1999. Florence Lovelady, now a senior officer in the Metropolitan police, has returned to Sabden, a small town in the shadow of Pendle Hill, the scene of the terrible case that launched her successful career. Local coffin maker and undertaker Larry Grassbrook was convicted of a series of horrific murders, burying alive children in caskets, alongside an already dead body. He was imprisoned for life and died there. Florence has come back to Sabden to see Larry’s body finally committed to the earth. She wants to know that it really is all over.

1969. As a rookie WPC, Florence is stationed in Sabden, a normally uneventful northern town, unless you count its reputation for witchcraft back in 1612 at the time of the infamous Lancashire witch trials.

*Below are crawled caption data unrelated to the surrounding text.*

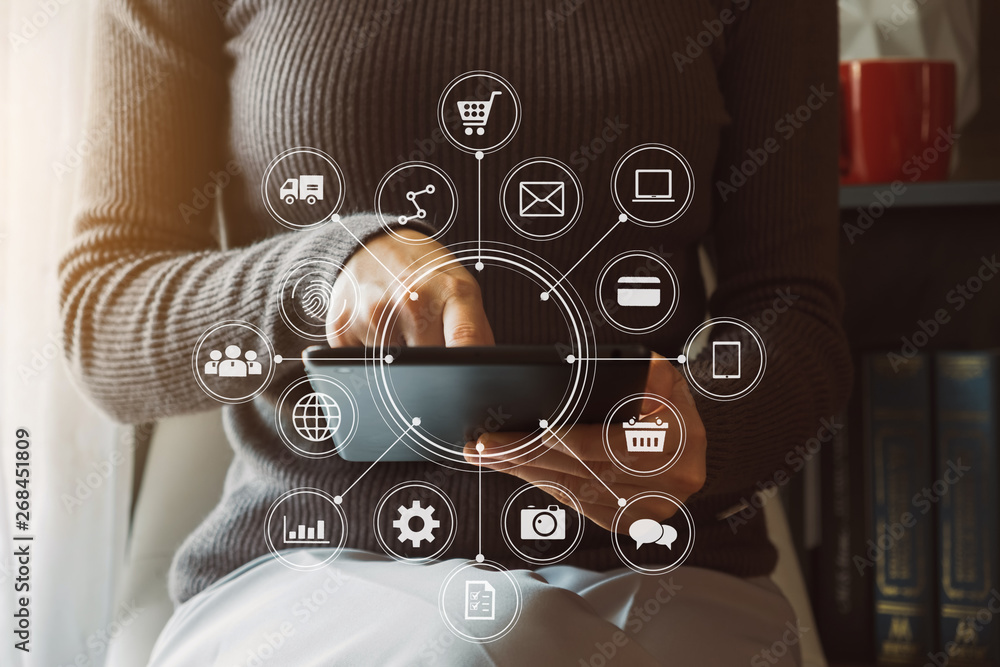  Woman using smart phone for mobile payments online shopping,omni channel,sitting on table,virtual i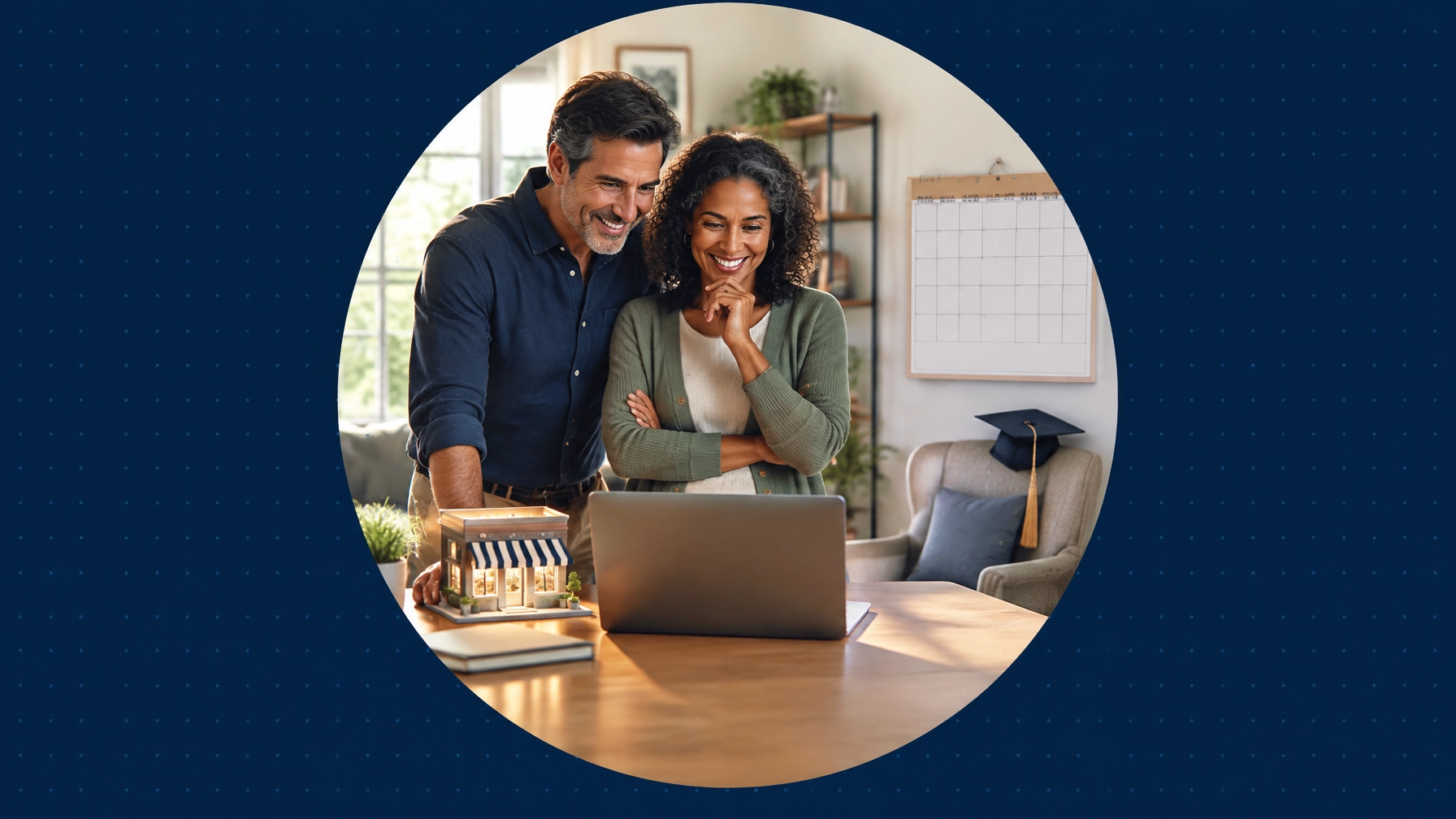 An empty-nester couple smiles at a laptop beside a miniature storefront and a blank wall calendar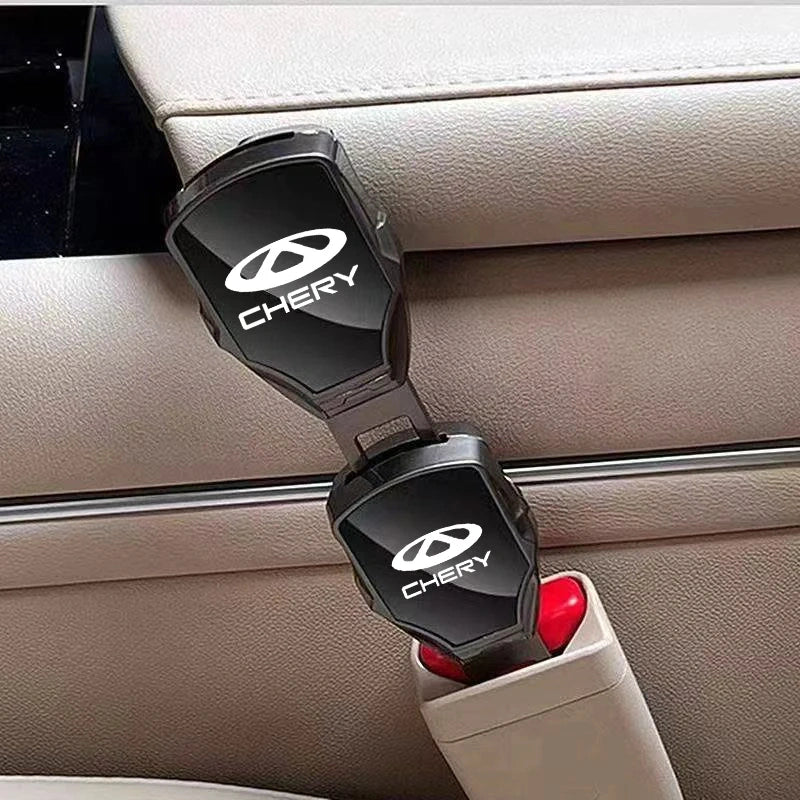 Two black car seatbelt release lockers with white CHERY logos, clipped onto a beige leather car seatbelt buckle.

But shortly after she arrives, local teenager Patsy Wood goes missing, and she’s not the first. Two other teens, Susan Duxbury and Stephen Shorrock, are also missing. The rumour is that they’ve run away, as there were sightings of them near the railway station. Florence persuades her reluctant bosses to stage a reconstruction of the last time 14-year-old Patsy was seen alive. Calls flood in after it’s shown on TV, and Florence thinks they are close to a breakthrough, but when it comes, no one is prepared for the horror that unfolds.

Like Sharon Bolton, I grew up in the north of England, in the long shadow cast by the crime perpetrated by Ian Brady and Myra Hindley, then fear of the Yorkshire Ripper affected my freedom as a teenager. Back in the mid-1970s, you made sure to walk back from a night in town in pairs, and stranger danger was hard-wired in your consciousness from infancy, as the Lancashire moors came complete with their own bogeymen – only you knew that they really did exist. I remember reading Robert Neill’s Mist Over Pendle at school, which kick-started a fascination for the Pendle witches and I went on to devour classics like Harrison Ainsworth’s Lancashire Witches. Pendle Hill itself was a familiar sight, as many weekends were spent on Longridge, which faces it across the Ribble valley.

The Craftsman quickly establishes the dark, brooding presence of Pendle Hill at the start of the story, and although on her own admission, her Sabden bears more relation to the town of Darwen than it does to the real village from which it takes its name, that’s the sort of artistic licence that is easy to take in the spirit in which it is intended. The 1960s setting is well-invoked, with all the casual and generally unintentional sexism that went on in the workplace.

There are plenty of tensions inside the small police station, and these quickly escalate when Patsy Wood’s body is found, with the knowledge that she died an excruciating death, trapped in a casket with another dead body for company. Bolton doesn’t dwell on the gruesome details, but there’s enough there to turn the book into a darkly macabre horror story, without ever trespassing into the torture porn side of the serial killer genre.

I absolutely adored the theme of witchcraft that ran through the book. I’m a huge fan of books that team the supernatural with police work, and devour anything by Phil Rickman, the absolute master of understated evil, and James Oswald, who can deftly add another level to police work. With The Craftsman, Bolton has put herself amongst some very good company. I liked Florence Lovelady a lot, empathising with her social awkwardness and the difficulties she faced as an outsider in a small town setting redolent with a rural suspicion of anyone ‘not from these parts’. There’s a strong sense of community in the book, but there are also suspicions of something darker, a closer grouping – maybe the Masons – who didn’t have the best of reputations in Lancashire in the 1960s and 1970s, or maybe something more sinister.

The Craftsman transported me back to the Lancashire I grew up in for the first 19 years of my life, and even the names helped ground the book in its time and place, with Duxbury and Shorrock common names in the area. Bolton perfectly captures the feeling of living with real fears and very real danger, and the feeling of trepidation that comes with not knowing when a killer will strike again.

Bolton’s depiction of the dark side of witchcraft, as well as its more benign face, is well-drawn and requires little suspension of disbelief. There’s a growing sense of horror as questions rear up in Florence’s mind as to whether the right man really was convicted 30 years ago. The closing stages of the book ramp up the tension to an almost unbearable level, and this was one of those books that kept me rivetted, turning the pages ever faster, as I put off things I needed to do and just settled down to keep reading. The ending was as chilling – and as unexpected – as I’d hoped, and was entirely in keeping with the final, uncomfortable truths.

The Craftsman is a triumphant mix of magic, superstition and policing, and I’d like to see Florence Lovelady return, hopefully as a member of the Police Pagan Association.